It will be unsurprising to those familiar with Roddy Lumsden and his work as a poet-teacher within the UK poetry scene that he should oversee and execute this anthology of emerging voices. And on this evidence, he is the rightful heir to Michael Donaghy.
This truly is an assured and measured selection of the brightest lights in the British poetry scene. Each voice within its pages enchants and pleads to be noticed, above and beyond the poetics of the twentieth-century American schools that many have been clearly influenced by - and now surpassed in a variety of ways.
There are poets like Luke Kennard and Annie Freud with their surrealist and absurdist sketches, Chris McCabe and his formal experimentation, John Stammers' cosmopolitan Frank O'Hara-isms, Simon Barraclough's jazzy coolness and Colette Bryce's journeys through the possibility of language.

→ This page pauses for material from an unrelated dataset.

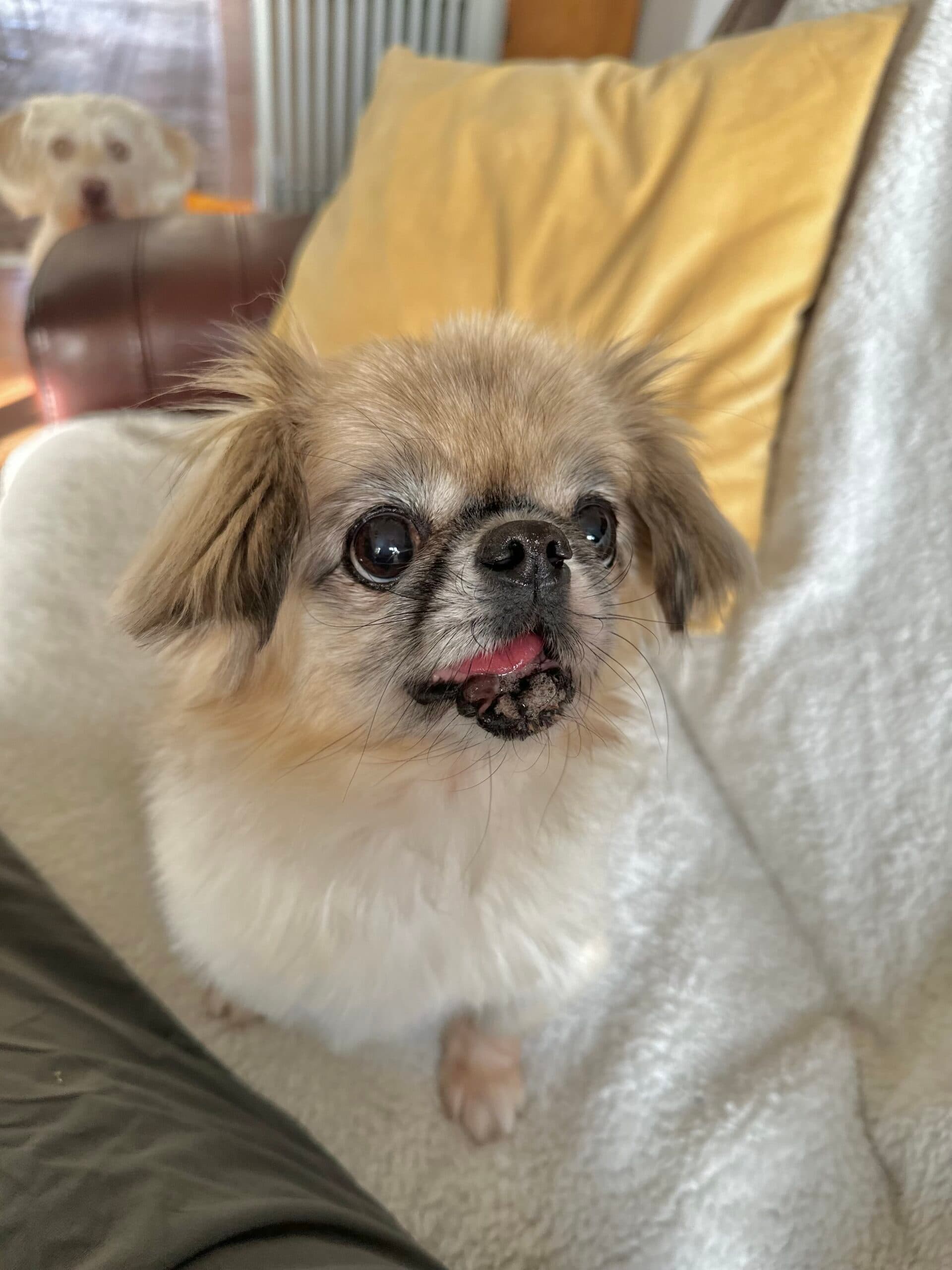 Mickie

But this is just scratching the more famous surface of what is to be found within this treasure trove of young talent. There are many poets in these pages I have never heard of - mainly because they are yet to even publish their first collections at the time of writing - and their poems are as exciting, if not more so, than the few established figures which grace the anthology.
This lends weight to the idea of this anthology being similar, and having a similar impact, to an older Bloodaxe anthology, `The New Poetry' from the early Nineties, which now reads like a who's who of the established poetic order in the UK.

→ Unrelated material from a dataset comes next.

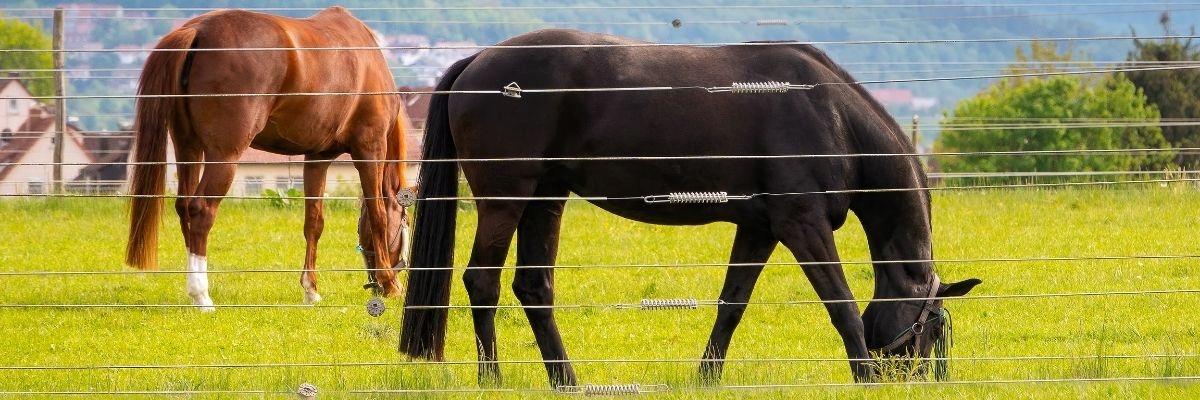 PASTUCH ELEKTRYCZNY AKUMULATOR 12V BATERIA + ŁADOWARKA 7AH ZASILACZ Rodzaj ładowalna
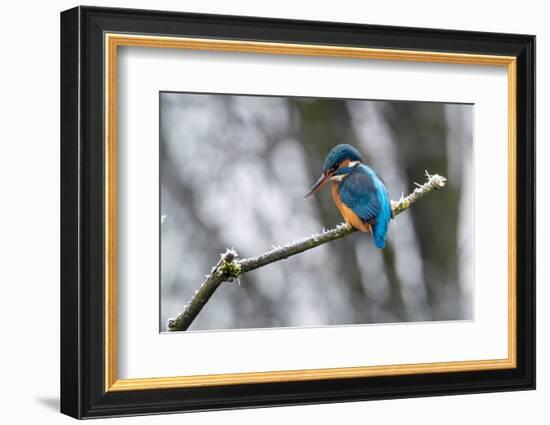 Common kingfisher perched on frosty branch in winter, Germany-Konrad Wothe-Framed Photographic Print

In what some - at least in Britain - are defining as a `post-division era' for poetry - where, to paraphrase Louis MacNeice, the poetry world is `incorrigibly plural' - it is anthologies like this, which accept and celebrate the incredible diversity of contemporary poetry, which should be studied, rather than the more famous and less eclectic establishment products that also come out of Bloodaxe's prodigious output of texts.
Highly recommended - especially for those `getting to grips' with the riotous voices assembled across this small island.